** Material provided follows **

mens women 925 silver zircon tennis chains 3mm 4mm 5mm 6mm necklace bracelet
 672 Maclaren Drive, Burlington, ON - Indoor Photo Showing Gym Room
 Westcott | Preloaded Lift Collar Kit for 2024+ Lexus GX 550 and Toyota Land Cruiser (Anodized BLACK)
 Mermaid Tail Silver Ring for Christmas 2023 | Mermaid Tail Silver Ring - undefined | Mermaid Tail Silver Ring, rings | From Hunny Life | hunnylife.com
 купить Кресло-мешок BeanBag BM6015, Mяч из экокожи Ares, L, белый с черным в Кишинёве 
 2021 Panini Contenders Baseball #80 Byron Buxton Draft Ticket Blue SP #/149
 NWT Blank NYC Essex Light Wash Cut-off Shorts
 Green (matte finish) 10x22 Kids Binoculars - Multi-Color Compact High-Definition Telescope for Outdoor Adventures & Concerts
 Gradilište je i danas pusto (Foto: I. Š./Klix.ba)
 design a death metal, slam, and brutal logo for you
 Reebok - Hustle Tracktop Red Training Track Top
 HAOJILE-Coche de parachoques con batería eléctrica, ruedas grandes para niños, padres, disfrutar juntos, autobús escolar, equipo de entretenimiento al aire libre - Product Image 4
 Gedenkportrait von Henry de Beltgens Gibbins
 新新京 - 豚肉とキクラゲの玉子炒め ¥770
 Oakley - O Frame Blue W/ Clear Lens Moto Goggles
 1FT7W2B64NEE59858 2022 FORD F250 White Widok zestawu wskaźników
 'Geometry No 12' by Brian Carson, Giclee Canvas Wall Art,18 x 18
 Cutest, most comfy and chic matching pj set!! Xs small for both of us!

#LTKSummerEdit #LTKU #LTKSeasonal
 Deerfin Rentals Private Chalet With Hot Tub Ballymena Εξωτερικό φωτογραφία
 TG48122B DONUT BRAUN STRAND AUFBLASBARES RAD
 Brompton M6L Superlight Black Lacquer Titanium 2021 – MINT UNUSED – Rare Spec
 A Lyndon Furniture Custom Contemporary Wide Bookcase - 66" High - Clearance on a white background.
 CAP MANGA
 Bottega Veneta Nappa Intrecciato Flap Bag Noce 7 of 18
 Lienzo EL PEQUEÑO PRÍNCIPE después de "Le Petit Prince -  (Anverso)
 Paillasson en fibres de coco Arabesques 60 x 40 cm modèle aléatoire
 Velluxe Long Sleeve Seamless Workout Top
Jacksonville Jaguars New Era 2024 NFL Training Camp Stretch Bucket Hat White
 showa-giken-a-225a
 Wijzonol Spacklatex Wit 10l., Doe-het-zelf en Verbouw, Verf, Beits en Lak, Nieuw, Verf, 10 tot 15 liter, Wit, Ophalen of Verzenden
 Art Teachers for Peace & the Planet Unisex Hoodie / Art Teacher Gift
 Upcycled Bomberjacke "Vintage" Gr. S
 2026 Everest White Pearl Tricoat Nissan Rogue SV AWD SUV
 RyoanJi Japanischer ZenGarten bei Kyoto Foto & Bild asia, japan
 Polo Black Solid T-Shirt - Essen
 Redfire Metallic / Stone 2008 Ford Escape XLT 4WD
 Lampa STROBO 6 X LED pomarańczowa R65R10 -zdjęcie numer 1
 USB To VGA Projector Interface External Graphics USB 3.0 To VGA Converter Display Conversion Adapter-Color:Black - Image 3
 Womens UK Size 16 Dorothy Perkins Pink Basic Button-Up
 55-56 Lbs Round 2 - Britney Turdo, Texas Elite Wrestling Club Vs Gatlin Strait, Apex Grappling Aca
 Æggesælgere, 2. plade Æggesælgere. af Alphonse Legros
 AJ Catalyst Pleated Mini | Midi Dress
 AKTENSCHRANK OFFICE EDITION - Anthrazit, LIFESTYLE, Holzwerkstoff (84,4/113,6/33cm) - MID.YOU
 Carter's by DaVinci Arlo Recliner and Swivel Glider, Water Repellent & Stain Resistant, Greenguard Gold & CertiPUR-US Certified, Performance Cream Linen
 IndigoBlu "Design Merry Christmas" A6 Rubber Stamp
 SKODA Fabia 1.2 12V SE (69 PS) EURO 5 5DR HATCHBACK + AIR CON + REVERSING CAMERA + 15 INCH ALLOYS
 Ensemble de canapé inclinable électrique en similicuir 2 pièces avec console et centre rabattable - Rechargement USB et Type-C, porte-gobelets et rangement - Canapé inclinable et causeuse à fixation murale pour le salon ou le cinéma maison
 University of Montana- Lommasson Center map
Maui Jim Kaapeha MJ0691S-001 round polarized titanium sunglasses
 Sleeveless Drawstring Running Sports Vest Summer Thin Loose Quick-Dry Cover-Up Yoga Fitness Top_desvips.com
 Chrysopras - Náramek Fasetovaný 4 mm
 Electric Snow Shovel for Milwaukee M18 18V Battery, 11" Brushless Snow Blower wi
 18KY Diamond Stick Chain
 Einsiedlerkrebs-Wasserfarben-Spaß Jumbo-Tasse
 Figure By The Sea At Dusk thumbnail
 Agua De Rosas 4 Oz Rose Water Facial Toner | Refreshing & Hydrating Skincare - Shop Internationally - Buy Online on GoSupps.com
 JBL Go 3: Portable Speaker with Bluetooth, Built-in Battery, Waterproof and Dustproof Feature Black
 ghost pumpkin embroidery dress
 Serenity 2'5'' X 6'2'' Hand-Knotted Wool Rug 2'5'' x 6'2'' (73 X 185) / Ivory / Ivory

** End of Material provided **

▶ _Exercise directions_
In your reply, restate exactly the lines from the start of the records above through the line holding "Westcott | Preloaded", including both, and nothing else.

▶ _Response to this task_
mens women 925 silver zircon tennis chains 3mm 4mm 5mm 6mm necklace bracelet
 672 Maclaren Drive, Burlington, ON - Indoor Photo Showing Gym Room
 Westcott | Preloaded Lift Collar Kit for 2024+ Lexus GX 550 and Toyota Land Cruiser (Anodized BLACK)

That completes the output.